Rethinking Progression of Memory State in Robotic Manipulation: An Object-Centric Perspective¶

Conference: AAAI 2026 arXiv: 2511.11478 Code: libero-mem.github.io Area: Video Understanding / Robotic Manipulation Keywords: Non-Markovian Decision Making, Object-Centric Memory, State Space Models, VLA, Robotics Benchmark

TL;DR¶

This paper proposes LIBERO-Mem, a benchmark comprising 10 non-Markovian robotic manipulation tasks, and Embodied-SlotSSM, an object-centric memory VLA framework combining Slot Attention with state space models, to address the failure of visuomotor policies in long-horizon tasks that require object-level historical reasoning under partial observability.

Background & Motivation¶

Background: Humans can effortlessly recall past interactions with specific objects (e.g., where a salt shaker was placed, or whether salt has already been added to a dish), enabling precise execution of multi-step, long-horizon tasks. Current robotic visuomotor policies (e.g., OpenVLA, Octo, RT-1/2), however, typically rely solely on recent sensory inputs for decision-making and lack mechanisms for encoding and recalling object-level history.

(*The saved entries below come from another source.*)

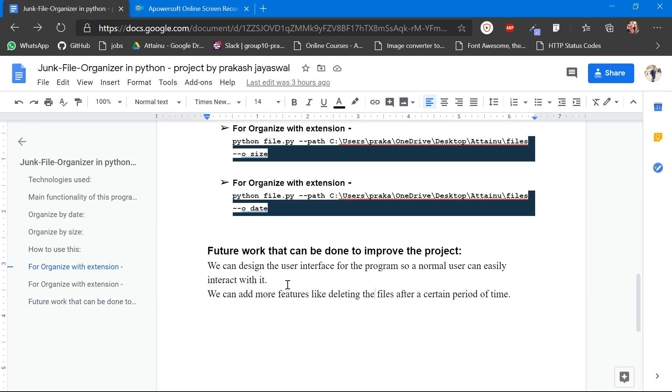We can design a more interactive user interface for the user so they can interact with the software easily. And we can add some more features like delete the files after a certain period of time. We can add the time obviously.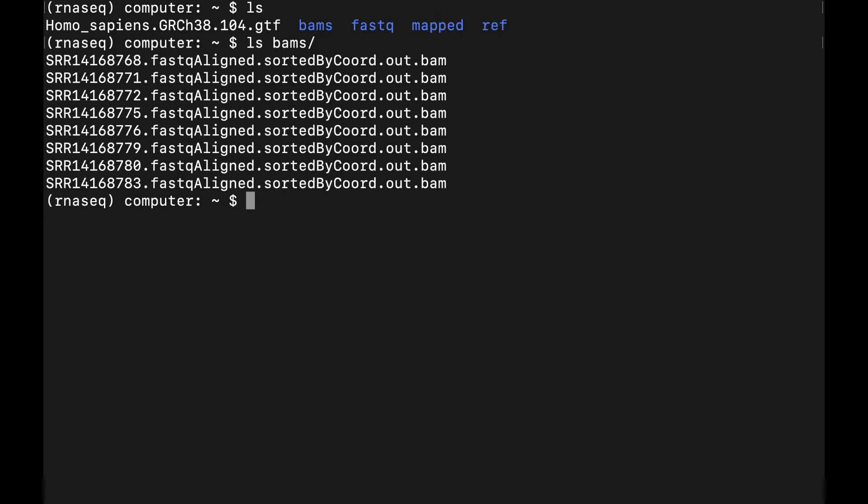So feature counts is actually part of the subread conda package, so we'll just install this.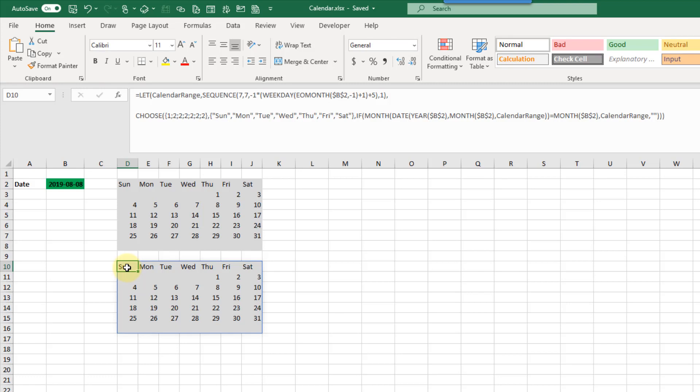If you're on Office 365 and you're on the insiders program make sure you check out the LET function. It's going to be a very useful function to know.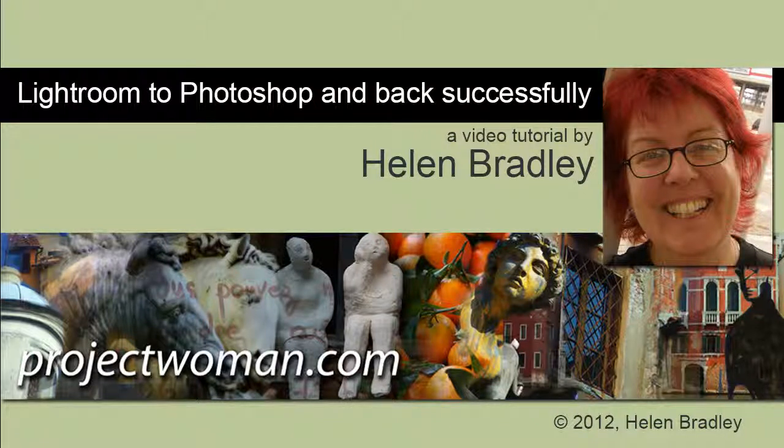Hello, I'm Helen Bradley. Welcome to this video tutorial. In this tutorial I'm going to show you how you can take an image from Lightroom to Photoshop and back successfully.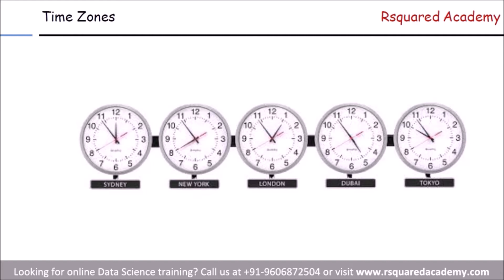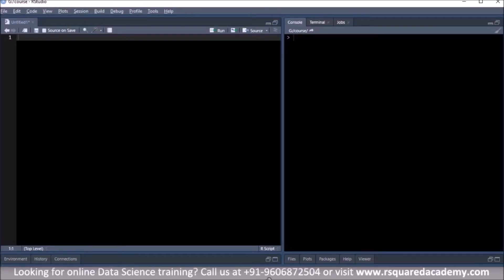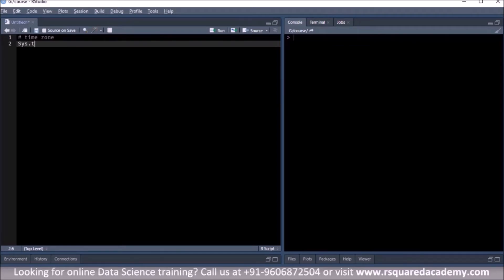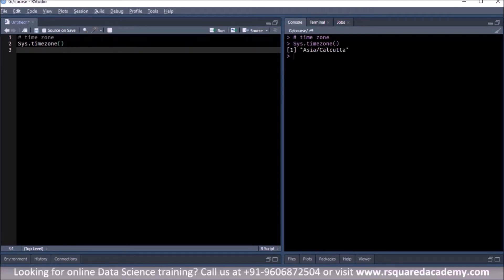Now let us get back to R — how do we check the time zone in R? We'll go to R Studio and see how we can check the time zone. The function Sys.timezone should give you the time zone in which you are located. Running this gives us Asia/Calcutta — since we are based out of India, the time zone for India is Indian Standard Time, shown as Asia/Calcutta.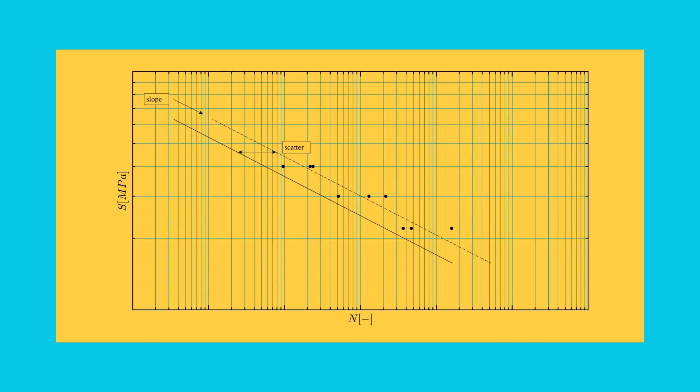Ultimately, with the result of every friction stir welded joint in one graph, the aim is to reduce the amount of data scatter to a minimum.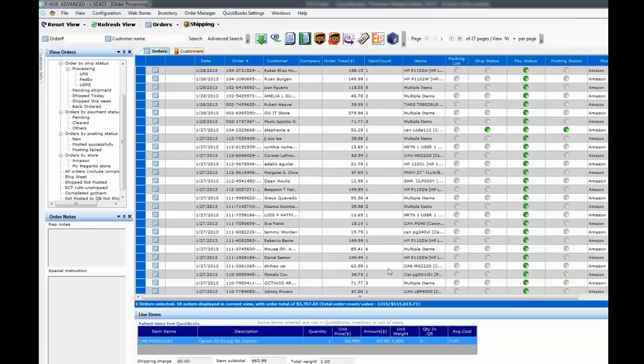In this video I show you how to set up T-Hub to bring in your sales from Amazon into QuickBooks, and also how to set up your QuickBooks and T-Hub to correctly download and record Amazon settlement reports so you can accurately record all your fees and payments to Amazon.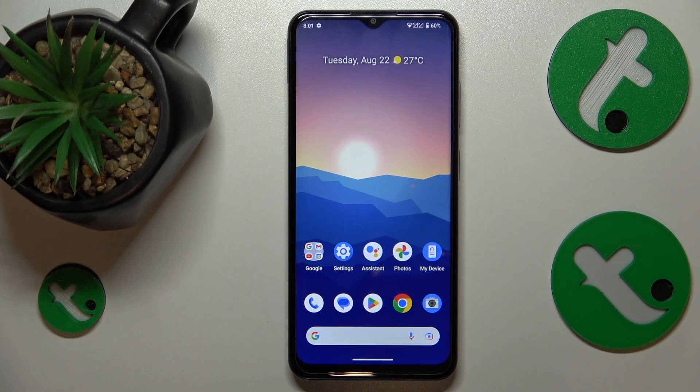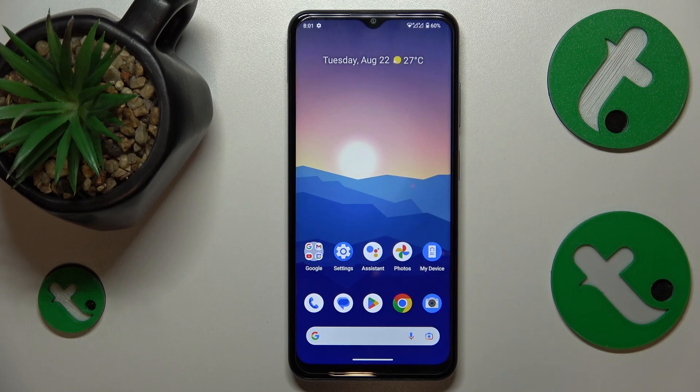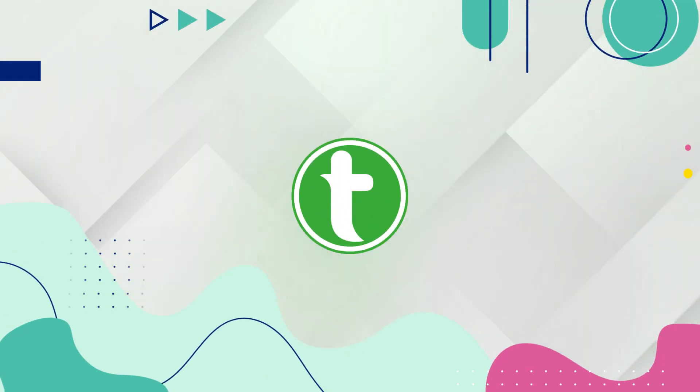Welcome to the Tutorial Info YouTube channel. In this video I will show how you can block all spam and robocalls on this Nokia G42.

Limitations of Prior Work:

Markovian Assumption Bottleneck: Most VLA models assume the current observation is sufficient to predict the optimal action. This assumption breaks down in tasks involving repeated steps, visually similar objects, or long-horizon temporal dependencies — where identical visual inputs may correspond to different semantic states (e.g., a bowl resting on a plate vs. a bowl just placed back onto a plate).

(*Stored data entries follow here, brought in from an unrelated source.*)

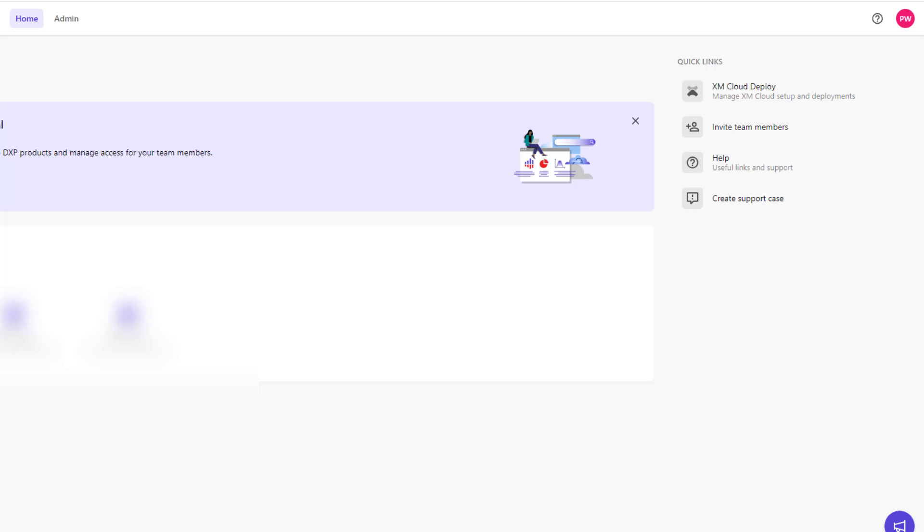Hello everyone. In this tutorial we'll be talking about deployments. We will be talking about Sitecore deployments and Vercel deployments.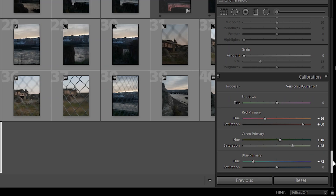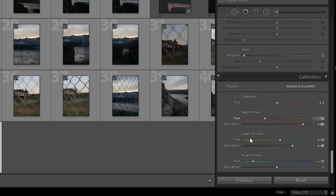The calibration panel is one of the groups of sliders in the Lightroom develop module. As you can see, it's got seven sliders — one to control the tint of your shadows, and then a hue and saturation slider for each of the three primary additive colors: red, green, and blue, or more commonly RGB. But we're going to come back to that in a bit more detail in just a moment.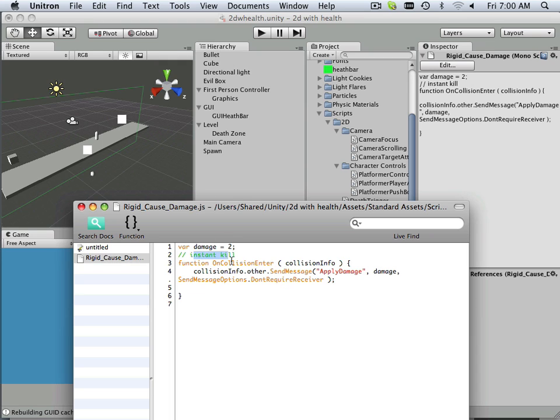Instant kill, why is it called that? Well actually what I could do is attach it to maybe two hundred and it would cause it to die as soon as I hit it.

Benchmark Insufficiency: Existing benchmarks (e.g., RLBench, LIBERO, RoboCasa) are largely constructed under the Markovian assumption. While MemoryBench and MIKASA-Robo address memory, they lack systematic stress testing for object-level ambiguity and temporal extension.

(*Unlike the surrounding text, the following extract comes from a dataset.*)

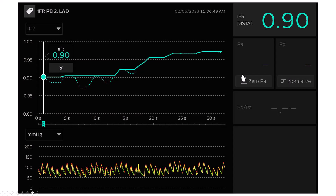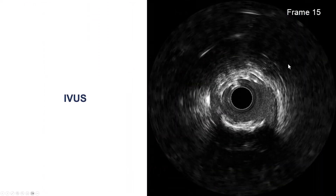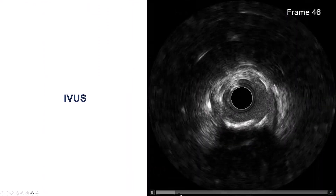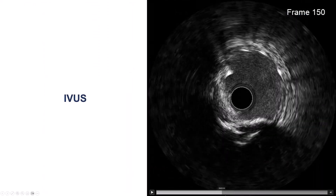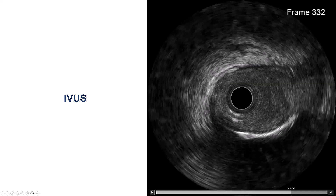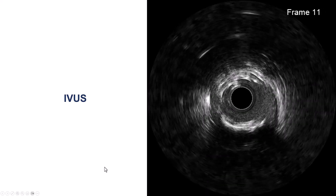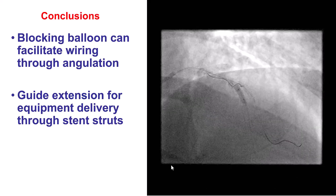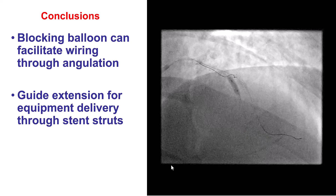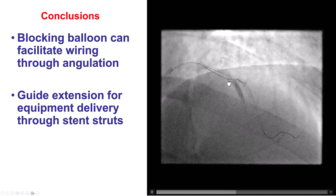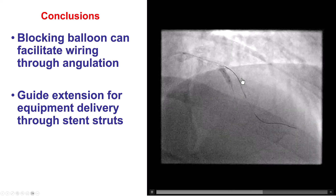We were able to do the kissing balloon inflation. We did repeat coronary physiology, and now the IFR had significantly improved. There was a slight step-up, but it was 0.90. We did intravascular ultrasound, which showed good expansion of the stent, and again there was no significant disease in the left main. In summary, this case illustrates use of the blocking balloon for advancing a guide wire into a side branch.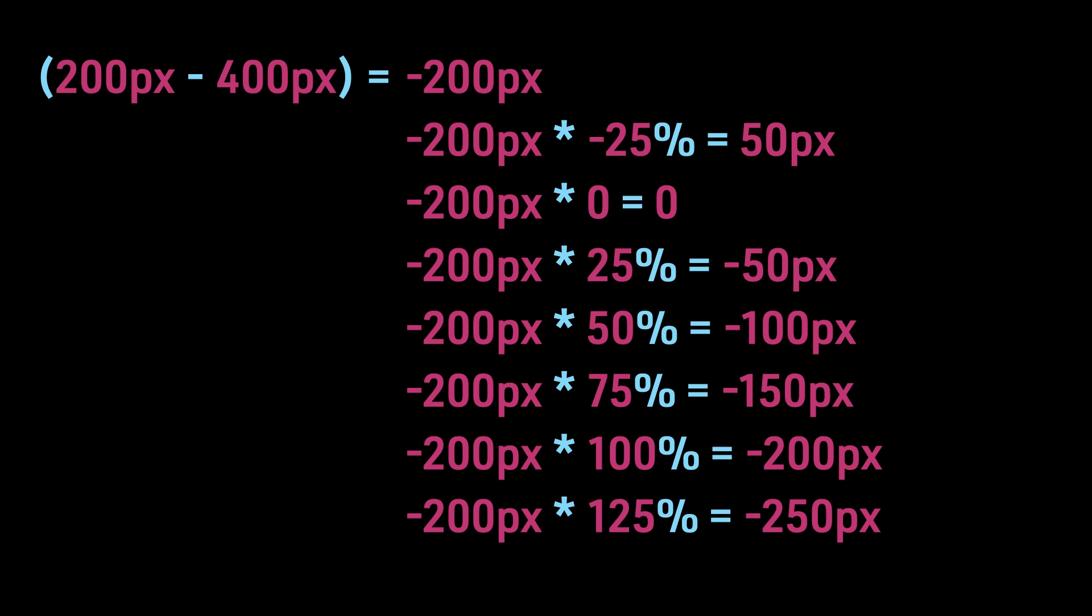If we multiply it by 75%, we get minus 150 pixels. And if we multiply it by 100%, we get minus 200 pixels. And finally, if we multiply it by 125%, we get minus 250 pixels.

Token Scalability Problem: OpenVLA encodes video sequences with 256 dense tokens, and object-centric VLAs use 16 slot tokens, but token counts grow linearly with both slot and sequence dimensions, becoming infeasible for long-horizon tasks spanning hundreds of frames.

Key Challenge: When visual observations at two time steps $t_1$ and $t_2$ satisfy $\mathbf{v}_{t_1} \approx \mathbf{v}_{t_2}$ but require different actions (i.e., $P(\mathbf{a}_{t_1}|\mathbf{v}_{1:t_1},l) \neq P(\mathbf{a}_{t_2}|\mathbf{v}_{1:t_2},l)$), purely reactive policies will inevitably fail. This constitutes an object-level Partially Observable Markov Decision Process (POMDP).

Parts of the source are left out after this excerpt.